| Data block |

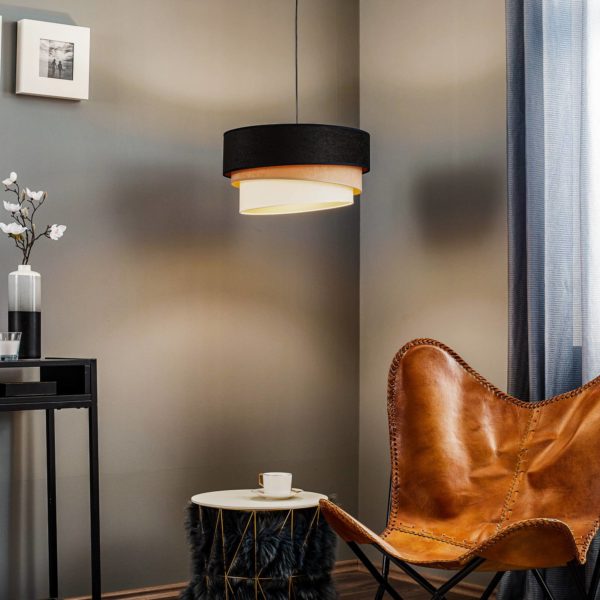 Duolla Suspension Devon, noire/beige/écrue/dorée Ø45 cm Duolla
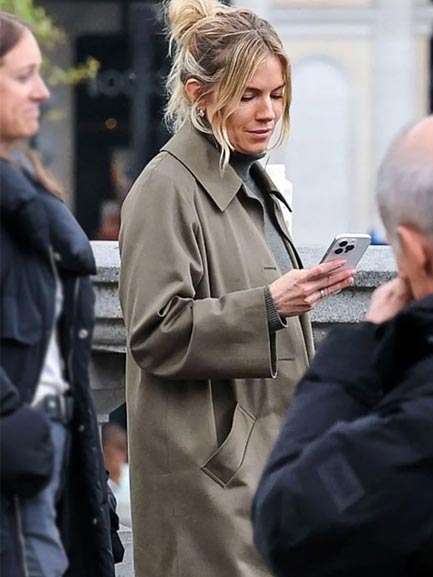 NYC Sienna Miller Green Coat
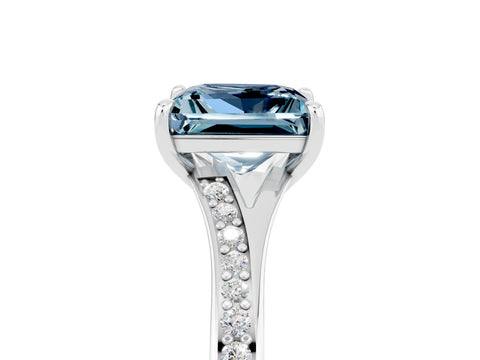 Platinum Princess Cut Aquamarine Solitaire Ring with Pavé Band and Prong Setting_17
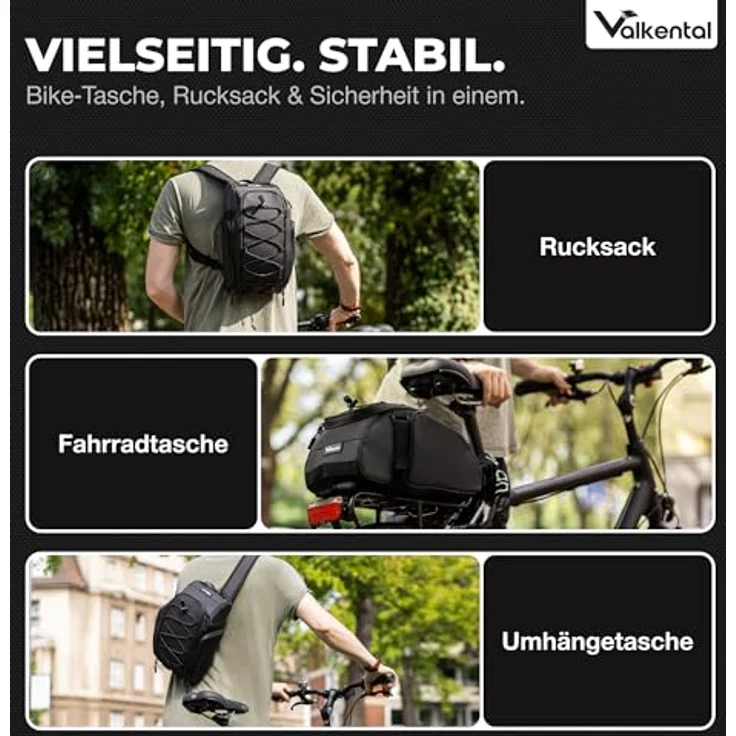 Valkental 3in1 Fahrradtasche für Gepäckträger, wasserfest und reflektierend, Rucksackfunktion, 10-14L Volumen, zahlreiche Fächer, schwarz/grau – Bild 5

| Activity |
The lines from the one containing "Platinum Princess Cut" through the last line of the data above are to be transcribed exactly, both included, with all pictures left out.

| Output for this exercise |
 Platinum Princess Cut Aquamarine Solitaire Ring with Pavé Band and Prong Setting_17
 Valkental 3in1 Fahrradtasche für Gepäckträger, wasserfest und reflektierend, Rucksackfunktion, 10-14L Volumen, zahlreiche Fächer, schwarz/grau – Bild 5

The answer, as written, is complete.